Mexico’s Valle de Guadalupe has been touted as “the next Napa Valley” for years. The Mexican wine region, located in Baja California, about 85 miles south of San Diego, offers bold red wines and arid hillsides dotted with oak trees that could double for the Northern California wine country. Where the two wine regions diverge, however, is luxury: While Napa has an abundance of luxury resorts (and we love them all), Valle de Guadalupe has a dearth of accommodations beyond tents and B&Bs. But two new hotels are about to change that.
El Cielo Winery & Resort
Following in the wine-estate-turned-resort mold, five-year-old El Cielo Winery opened a luxury boutique hotel with 56 suites and 20 three-suite villas this past September. Owned in part by the former Mexican politician Gustavo Ortega—who says he was inspired to open a winery and hotel after traveling throughout France—the hotel offers personal concierge services until 2 a.m. and two 2,800-square-foot Presidential Villas (from $800 per night). Each features a wraparound terrace, modern kitchen with wine refrigerator, wood-beamed ceilings, and private firepits. Verdant gardens with fresh produce grow alongside each villa and views of a pretty pond are backed by acres and acres of vineyards.
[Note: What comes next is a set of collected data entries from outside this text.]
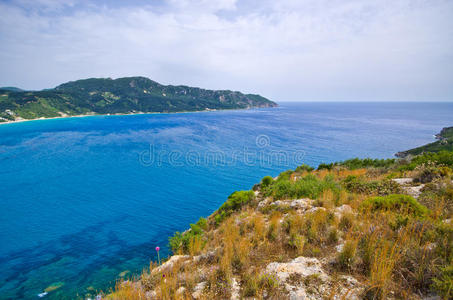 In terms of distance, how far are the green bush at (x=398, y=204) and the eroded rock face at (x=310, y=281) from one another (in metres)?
3.64

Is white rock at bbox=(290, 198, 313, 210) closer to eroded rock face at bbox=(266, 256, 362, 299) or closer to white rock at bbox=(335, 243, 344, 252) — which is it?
white rock at bbox=(335, 243, 344, 252)

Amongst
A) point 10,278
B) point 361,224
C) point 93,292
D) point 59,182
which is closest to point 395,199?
point 361,224

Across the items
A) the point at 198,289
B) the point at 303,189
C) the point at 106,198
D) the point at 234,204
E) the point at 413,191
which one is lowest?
the point at 106,198

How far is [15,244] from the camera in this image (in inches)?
617

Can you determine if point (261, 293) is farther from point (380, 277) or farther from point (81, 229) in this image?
point (81, 229)

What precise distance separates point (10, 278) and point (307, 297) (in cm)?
1790

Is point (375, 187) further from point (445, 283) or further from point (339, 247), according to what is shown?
point (445, 283)

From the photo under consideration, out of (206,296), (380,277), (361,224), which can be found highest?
(380,277)

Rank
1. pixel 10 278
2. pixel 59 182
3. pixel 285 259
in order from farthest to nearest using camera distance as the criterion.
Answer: pixel 59 182 < pixel 10 278 < pixel 285 259

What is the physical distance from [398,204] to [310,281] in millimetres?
4912

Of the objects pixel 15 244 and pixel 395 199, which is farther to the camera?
pixel 15 244

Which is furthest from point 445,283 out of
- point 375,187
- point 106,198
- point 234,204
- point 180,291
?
point 106,198

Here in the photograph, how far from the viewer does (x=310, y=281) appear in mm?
3639

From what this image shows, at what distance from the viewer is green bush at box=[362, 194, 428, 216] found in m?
5.70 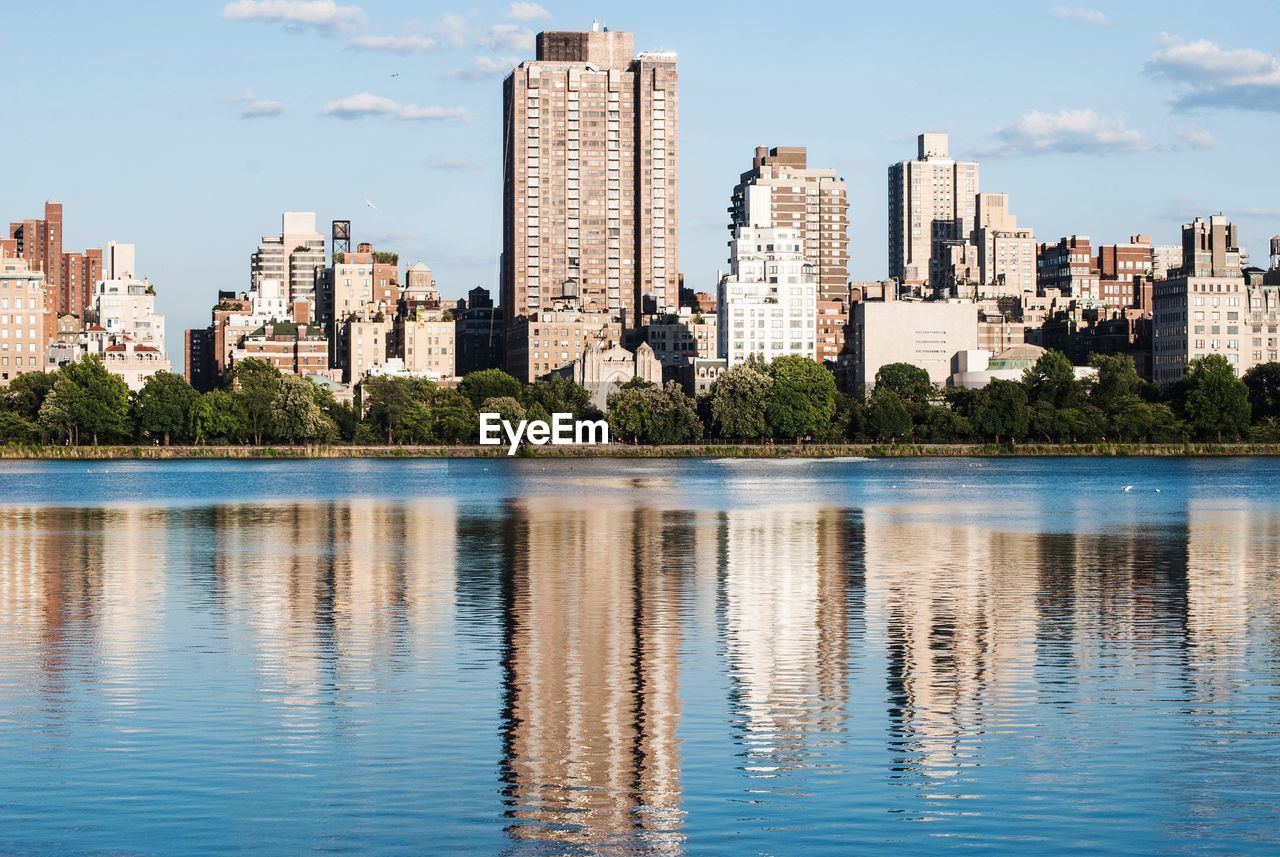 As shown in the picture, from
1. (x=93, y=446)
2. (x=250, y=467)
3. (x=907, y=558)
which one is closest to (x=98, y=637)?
(x=907, y=558)

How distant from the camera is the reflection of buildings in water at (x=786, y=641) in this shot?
25.4m

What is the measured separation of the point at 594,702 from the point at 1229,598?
21.8m

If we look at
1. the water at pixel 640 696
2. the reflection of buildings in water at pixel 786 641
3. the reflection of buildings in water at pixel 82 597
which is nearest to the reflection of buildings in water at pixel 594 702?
the water at pixel 640 696

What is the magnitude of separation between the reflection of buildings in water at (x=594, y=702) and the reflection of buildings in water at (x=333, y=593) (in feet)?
7.52

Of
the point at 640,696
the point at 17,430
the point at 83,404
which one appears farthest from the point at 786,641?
the point at 17,430

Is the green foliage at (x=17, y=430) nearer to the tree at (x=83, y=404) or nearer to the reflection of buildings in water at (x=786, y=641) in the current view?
the tree at (x=83, y=404)

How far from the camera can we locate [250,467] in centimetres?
17275

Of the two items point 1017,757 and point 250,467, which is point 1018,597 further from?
point 250,467

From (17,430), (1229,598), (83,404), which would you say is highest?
(83,404)

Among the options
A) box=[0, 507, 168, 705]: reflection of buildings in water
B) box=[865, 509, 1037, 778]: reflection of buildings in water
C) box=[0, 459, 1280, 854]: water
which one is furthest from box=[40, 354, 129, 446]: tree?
box=[865, 509, 1037, 778]: reflection of buildings in water

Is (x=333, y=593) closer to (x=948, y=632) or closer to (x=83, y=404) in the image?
(x=948, y=632)

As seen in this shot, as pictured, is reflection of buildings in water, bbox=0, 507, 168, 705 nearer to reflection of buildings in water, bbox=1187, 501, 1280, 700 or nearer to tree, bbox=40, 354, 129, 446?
reflection of buildings in water, bbox=1187, 501, 1280, 700

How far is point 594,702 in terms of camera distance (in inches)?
1096

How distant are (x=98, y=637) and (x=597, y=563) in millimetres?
20882
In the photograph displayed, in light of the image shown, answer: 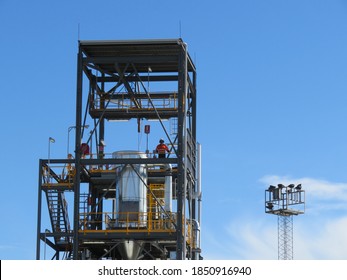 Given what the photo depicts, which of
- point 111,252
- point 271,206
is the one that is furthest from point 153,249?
point 271,206

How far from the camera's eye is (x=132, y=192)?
209ft

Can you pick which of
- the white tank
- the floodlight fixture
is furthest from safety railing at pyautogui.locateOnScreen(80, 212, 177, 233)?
the floodlight fixture

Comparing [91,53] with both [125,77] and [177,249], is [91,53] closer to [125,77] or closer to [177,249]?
[125,77]

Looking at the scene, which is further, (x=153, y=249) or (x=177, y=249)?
(x=153, y=249)

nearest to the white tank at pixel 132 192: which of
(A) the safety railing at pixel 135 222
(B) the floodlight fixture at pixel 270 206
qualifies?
(A) the safety railing at pixel 135 222

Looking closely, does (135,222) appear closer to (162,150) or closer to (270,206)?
(162,150)

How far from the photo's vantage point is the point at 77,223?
63.5m

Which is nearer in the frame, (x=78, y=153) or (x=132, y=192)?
(x=132, y=192)

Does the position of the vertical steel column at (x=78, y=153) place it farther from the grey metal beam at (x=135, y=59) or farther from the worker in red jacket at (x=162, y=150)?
the worker in red jacket at (x=162, y=150)

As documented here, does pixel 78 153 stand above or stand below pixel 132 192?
above

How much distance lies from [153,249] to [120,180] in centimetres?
579

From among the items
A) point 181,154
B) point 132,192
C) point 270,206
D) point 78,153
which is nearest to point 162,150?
point 181,154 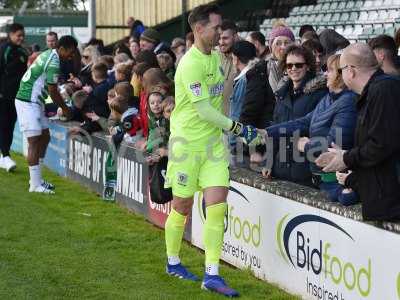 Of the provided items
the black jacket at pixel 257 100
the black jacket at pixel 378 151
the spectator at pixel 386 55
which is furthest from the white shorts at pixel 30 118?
the black jacket at pixel 378 151

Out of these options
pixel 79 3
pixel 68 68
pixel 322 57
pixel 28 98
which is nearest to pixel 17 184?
pixel 28 98

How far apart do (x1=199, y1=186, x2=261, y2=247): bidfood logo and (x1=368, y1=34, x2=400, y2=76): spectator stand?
154 cm

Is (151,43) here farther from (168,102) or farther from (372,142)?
(372,142)

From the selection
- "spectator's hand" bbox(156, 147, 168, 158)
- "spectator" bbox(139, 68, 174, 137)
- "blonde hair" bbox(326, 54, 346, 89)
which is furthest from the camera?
"spectator" bbox(139, 68, 174, 137)

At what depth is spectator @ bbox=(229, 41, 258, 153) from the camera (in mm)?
8352

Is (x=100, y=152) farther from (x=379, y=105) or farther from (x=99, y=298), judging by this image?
(x=379, y=105)

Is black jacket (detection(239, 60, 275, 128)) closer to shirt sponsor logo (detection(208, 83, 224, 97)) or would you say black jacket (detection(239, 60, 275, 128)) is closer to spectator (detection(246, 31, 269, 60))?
shirt sponsor logo (detection(208, 83, 224, 97))

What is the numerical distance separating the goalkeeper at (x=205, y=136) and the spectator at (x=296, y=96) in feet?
1.76

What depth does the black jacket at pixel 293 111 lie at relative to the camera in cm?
712

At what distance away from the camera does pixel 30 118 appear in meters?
11.7

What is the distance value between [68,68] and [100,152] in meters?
4.18

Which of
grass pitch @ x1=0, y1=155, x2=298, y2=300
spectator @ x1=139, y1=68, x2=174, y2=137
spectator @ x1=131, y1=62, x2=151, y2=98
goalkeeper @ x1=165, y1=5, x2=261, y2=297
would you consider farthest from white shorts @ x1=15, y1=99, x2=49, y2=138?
goalkeeper @ x1=165, y1=5, x2=261, y2=297

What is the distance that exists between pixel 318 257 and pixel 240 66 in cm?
263

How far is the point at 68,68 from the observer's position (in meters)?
15.5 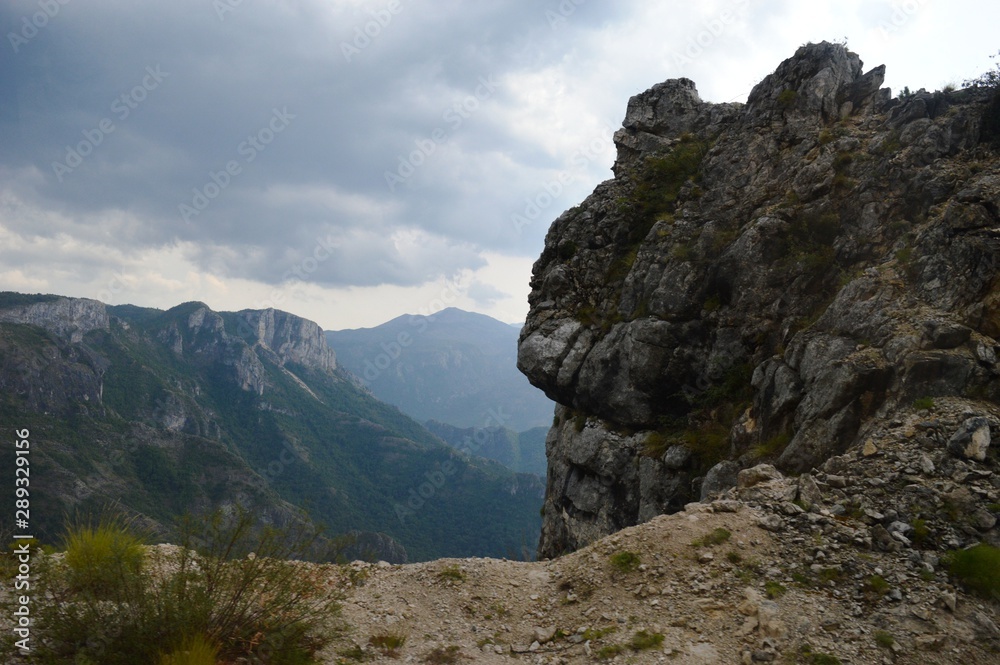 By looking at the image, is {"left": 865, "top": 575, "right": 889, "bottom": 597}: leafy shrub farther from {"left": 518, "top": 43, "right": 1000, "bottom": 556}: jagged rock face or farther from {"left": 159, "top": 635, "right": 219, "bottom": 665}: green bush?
{"left": 159, "top": 635, "right": 219, "bottom": 665}: green bush

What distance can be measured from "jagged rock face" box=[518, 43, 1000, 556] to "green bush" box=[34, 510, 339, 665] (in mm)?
12333

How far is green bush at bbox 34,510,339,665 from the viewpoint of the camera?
605 cm

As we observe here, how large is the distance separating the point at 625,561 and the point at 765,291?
13.1m

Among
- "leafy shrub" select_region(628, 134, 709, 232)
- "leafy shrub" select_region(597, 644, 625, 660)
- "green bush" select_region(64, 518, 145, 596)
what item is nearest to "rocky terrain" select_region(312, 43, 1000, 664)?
"leafy shrub" select_region(597, 644, 625, 660)

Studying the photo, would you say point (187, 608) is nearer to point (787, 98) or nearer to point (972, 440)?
point (972, 440)

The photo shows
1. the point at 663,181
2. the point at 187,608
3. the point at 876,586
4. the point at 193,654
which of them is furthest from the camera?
the point at 663,181

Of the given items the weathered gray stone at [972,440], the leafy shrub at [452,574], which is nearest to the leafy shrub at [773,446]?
the weathered gray stone at [972,440]

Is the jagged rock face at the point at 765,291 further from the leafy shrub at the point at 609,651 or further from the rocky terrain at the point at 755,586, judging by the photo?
the leafy shrub at the point at 609,651

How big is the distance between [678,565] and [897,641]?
10.1ft

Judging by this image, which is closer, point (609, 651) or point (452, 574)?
point (609, 651)

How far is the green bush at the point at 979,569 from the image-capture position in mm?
7656

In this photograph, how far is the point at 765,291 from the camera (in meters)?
18.6

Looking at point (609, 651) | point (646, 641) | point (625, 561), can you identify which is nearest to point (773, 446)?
point (625, 561)

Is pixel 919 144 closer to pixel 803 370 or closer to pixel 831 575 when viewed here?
pixel 803 370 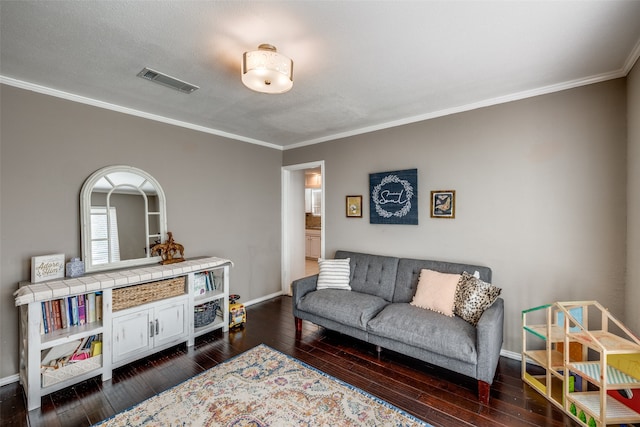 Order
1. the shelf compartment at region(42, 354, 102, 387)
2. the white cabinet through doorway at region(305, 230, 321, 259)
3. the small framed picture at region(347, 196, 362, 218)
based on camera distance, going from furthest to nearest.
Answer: the white cabinet through doorway at region(305, 230, 321, 259), the small framed picture at region(347, 196, 362, 218), the shelf compartment at region(42, 354, 102, 387)

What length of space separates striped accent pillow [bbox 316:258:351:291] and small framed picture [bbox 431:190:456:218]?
1220mm

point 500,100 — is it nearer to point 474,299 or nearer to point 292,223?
point 474,299

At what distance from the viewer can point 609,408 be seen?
174 centimetres

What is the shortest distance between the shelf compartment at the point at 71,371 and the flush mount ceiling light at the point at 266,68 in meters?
2.60

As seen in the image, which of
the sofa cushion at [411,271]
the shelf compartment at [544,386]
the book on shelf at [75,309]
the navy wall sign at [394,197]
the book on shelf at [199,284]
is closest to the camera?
the shelf compartment at [544,386]

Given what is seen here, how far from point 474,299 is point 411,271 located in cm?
79

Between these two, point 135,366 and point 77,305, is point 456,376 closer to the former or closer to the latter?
point 135,366

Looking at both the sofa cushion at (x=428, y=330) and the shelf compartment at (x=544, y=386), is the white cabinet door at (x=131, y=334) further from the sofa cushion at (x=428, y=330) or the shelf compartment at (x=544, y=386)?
the shelf compartment at (x=544, y=386)

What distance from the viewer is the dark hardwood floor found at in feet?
6.43

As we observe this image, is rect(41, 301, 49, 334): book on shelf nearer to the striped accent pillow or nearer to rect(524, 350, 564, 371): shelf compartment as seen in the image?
the striped accent pillow

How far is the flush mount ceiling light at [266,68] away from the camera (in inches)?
67.3

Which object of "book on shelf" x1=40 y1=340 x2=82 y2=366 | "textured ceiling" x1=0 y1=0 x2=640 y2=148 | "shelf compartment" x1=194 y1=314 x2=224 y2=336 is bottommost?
"shelf compartment" x1=194 y1=314 x2=224 y2=336

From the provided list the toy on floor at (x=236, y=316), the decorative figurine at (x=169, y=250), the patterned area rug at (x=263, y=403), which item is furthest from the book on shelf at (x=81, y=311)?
the toy on floor at (x=236, y=316)

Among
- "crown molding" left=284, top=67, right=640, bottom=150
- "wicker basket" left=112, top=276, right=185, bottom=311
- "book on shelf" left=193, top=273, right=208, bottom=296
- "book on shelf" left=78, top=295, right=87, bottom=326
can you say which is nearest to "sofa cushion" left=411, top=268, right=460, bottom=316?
"crown molding" left=284, top=67, right=640, bottom=150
At El Cielo’s restaurant Latitud 32, guests can pair wines by on-site oenologist Jesús Rivera (a native son who cut his teeth in Bordeaux under the famed consultant Michel Rolland) with Baja-Yucatan fusion like grilled octopus with truffle potatoes and pork-belly tacos with mole negro. Come spring, the hotel plans to open an additional 39 suites and 13 villas, as well as a second restaurant helmed by the renowned Mexican chef Jonatán Gómez Luna.
Bruma
About a half hour east, the wine estate Bruma has been welcoming luxury travelers to two spacious villas since June. Though the villas, designed by Mexican firm Legorreta & Sepúlveda, have been constructed out of sustainable materials like soil-cement and pine, not an ounce of luxury was sacrificed for its eco-friendly ethos. Each of the four-bedroom villas sport marble bathrooms, custom furnishings by Mexican artisans, and huge private plunge pools. Another perk? The on-site wellness specialist who can accommodate everything from yoga lessons to mountain bike rides (though, unfortunately, they cannot cure any tasting-induced hangovers).
When not splashing in their pools, Bruma visitors can taste wine from Bordeaux-trained Lulu Martinez Ojeda and enjoy dinner beneath a lattice made of wine-barrel hoops and olive branches. Young chef David Castro Hussong, whose family owns the famed Hussong’s Cantina in Ensenada, worked at Noma and Eleven Madison Park before returning to Baja to helm the Fauna restaurant at Bruma (and boost the profile of the region’s budding culinary scene). There, he elevates native ingredients in dishes like shredded lamb with butternut squash covered in salsa negra and yellowtail aguachile.
Bruma, which also offers an eight-suite boutique hotel, plans to expand like El Cielo, by adding another 13 villas by 2020. Further proof that Valle de Guadalupe’s luxury infusion seems certain to forge ahead.